Filicetti pointed out the intricate floral leaf pattern on the brass metal work of the twin chandelier. It would be very difficult to replicate, he said.
An undated photo from the University of Montana’s Mansfield Library Archives shows where the missing chandelier used to hang. You can also see a pair of desktop lights on each end of the judge’s stand. Those “torchiers” – floor lamps with bulbs inside reflecting globes that direct the light upward – are also on the lam and would be nice to have back. But to the county and its architects, the decorative chandelier would be the big prize.
• Filicetti said the chandelier measures 8 to 10 inches tall and is 40 inches in diameter. Its 10 arms are two more than a similar, less-ornate light that hangs outside the courtroom.
• There were two Missoula County district judges in the early 1960s – E. Gardner Brownlee and Emmett Glore. Both were elected to terms that began in 1959. Glore served until 1971, Brownlee through 1978. A third department was added in 1963 and Jack L. Green came on board and stayed until 1992. All three men have passed away, Brownlee most recently in 2009.

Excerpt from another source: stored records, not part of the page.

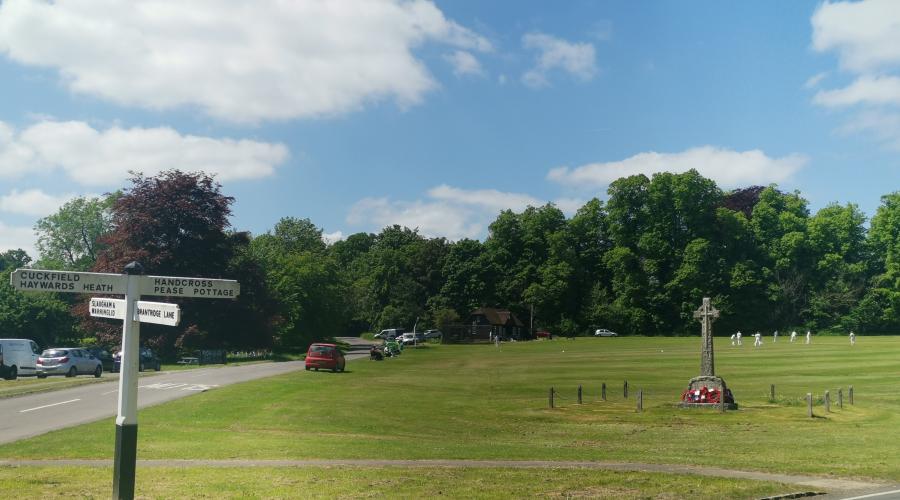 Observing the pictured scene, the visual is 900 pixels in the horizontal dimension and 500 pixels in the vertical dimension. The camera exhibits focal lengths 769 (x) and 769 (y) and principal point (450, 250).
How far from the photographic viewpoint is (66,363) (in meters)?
44.8

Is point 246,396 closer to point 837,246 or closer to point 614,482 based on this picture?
point 614,482

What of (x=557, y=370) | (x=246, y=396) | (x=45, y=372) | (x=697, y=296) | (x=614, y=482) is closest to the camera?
(x=614, y=482)

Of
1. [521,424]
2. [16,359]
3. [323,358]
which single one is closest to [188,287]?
[521,424]

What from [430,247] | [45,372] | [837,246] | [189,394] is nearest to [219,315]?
[45,372]

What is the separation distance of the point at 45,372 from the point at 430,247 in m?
90.8

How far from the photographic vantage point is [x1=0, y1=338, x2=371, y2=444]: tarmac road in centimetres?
2231

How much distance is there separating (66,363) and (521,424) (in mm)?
30651

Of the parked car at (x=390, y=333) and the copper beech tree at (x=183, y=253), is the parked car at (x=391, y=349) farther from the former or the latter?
the parked car at (x=390, y=333)

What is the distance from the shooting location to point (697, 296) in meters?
112

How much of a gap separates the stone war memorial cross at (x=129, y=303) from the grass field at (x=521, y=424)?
5456mm

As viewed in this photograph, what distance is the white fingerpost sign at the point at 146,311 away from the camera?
32.6 feet

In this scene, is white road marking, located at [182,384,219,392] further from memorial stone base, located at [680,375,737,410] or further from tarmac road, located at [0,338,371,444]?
memorial stone base, located at [680,375,737,410]

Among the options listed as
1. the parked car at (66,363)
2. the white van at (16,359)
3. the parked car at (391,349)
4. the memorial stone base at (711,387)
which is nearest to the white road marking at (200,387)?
the parked car at (66,363)

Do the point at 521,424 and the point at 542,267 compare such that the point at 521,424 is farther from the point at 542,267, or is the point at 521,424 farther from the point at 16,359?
the point at 542,267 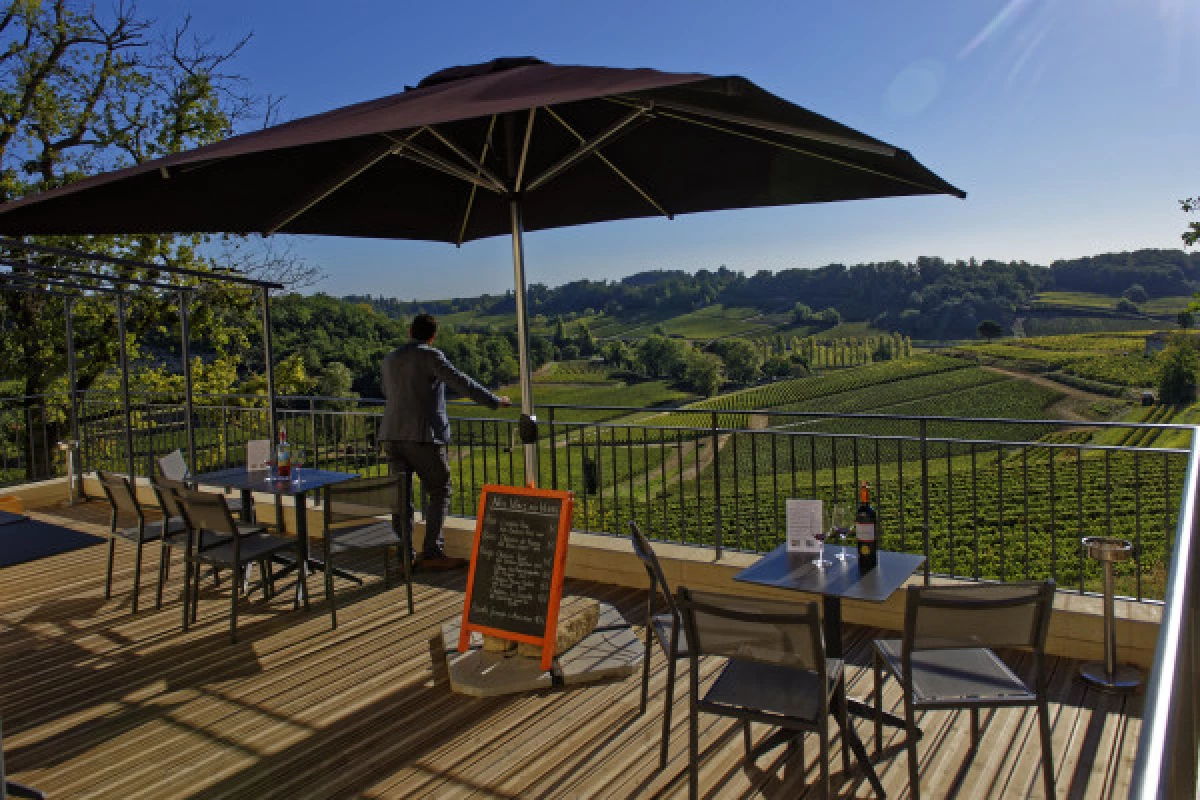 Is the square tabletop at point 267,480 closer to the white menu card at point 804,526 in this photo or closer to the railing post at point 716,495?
the railing post at point 716,495

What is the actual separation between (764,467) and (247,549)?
2035 inches

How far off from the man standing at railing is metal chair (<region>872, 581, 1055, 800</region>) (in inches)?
116

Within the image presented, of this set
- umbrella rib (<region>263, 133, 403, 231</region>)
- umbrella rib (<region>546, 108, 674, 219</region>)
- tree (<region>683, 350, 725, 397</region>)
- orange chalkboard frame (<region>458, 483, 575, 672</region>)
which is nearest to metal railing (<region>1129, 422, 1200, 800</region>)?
orange chalkboard frame (<region>458, 483, 575, 672</region>)

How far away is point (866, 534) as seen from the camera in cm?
298

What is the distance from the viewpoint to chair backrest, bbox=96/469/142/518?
4.52 metres

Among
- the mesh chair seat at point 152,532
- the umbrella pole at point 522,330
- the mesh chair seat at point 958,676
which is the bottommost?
the mesh chair seat at point 958,676

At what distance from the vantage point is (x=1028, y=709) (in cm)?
321

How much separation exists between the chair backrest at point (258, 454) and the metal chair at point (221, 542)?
1.73 feet

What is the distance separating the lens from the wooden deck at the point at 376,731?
2793 mm

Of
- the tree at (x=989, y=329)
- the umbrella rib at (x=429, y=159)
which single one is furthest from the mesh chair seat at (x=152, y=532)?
the tree at (x=989, y=329)

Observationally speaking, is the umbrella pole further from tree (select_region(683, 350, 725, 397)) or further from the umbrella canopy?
tree (select_region(683, 350, 725, 397))

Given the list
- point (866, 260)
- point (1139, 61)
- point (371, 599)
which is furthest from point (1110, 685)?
point (866, 260)

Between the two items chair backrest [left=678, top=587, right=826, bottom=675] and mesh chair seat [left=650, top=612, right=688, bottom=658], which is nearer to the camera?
chair backrest [left=678, top=587, right=826, bottom=675]

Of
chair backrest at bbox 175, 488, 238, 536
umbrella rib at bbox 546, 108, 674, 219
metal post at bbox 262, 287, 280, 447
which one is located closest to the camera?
umbrella rib at bbox 546, 108, 674, 219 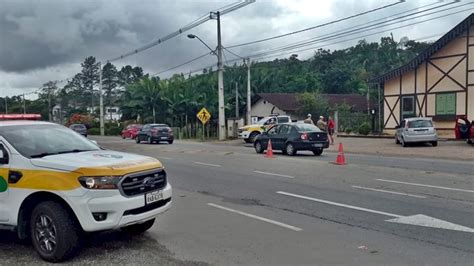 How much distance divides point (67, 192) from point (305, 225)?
3763 millimetres

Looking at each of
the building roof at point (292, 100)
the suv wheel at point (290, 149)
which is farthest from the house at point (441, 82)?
the building roof at point (292, 100)

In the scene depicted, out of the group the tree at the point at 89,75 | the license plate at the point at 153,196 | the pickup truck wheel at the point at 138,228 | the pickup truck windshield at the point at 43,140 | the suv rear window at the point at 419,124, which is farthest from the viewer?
the tree at the point at 89,75

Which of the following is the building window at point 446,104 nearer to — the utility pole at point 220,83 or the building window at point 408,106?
the building window at point 408,106

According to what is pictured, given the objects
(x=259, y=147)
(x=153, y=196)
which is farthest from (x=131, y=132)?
(x=153, y=196)

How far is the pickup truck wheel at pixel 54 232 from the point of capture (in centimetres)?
582

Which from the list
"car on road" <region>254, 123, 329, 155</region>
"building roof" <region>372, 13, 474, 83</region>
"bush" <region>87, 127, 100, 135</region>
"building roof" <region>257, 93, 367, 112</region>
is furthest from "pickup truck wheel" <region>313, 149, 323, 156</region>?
"bush" <region>87, 127, 100, 135</region>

• If the electrical work was done by a local company, the unknown judge had four to choose from 50 years ago. The 1962 Polk’s Missoula City Directory lists two on the south side of the river, City Electric on West Kent Avenue and Walford Electric Co. on South Higgins Avenue. On the north side were Western Montana Electric Lighting on West Front Street and The Electrical Shop on West Railroad Street.
Czorny said he understands that if the electrical work was done in exchange for the chandelier, it was a value-for-value trade. If required, the county would be willing to negotiate a fair-market purchase price for the chandelier, dependent on its current condition. Or, better yet, it would gladly accept the lamp as a “charitable contribution” that could qualify as a tax deduction.
“We are hopeful that whoever has the fixture may be moved out of a sense of civic pride and with the knowledge that the courthouse needs the light fixture to complete the restoration of the historic courtroom and donate it back to the county,” Czorny said.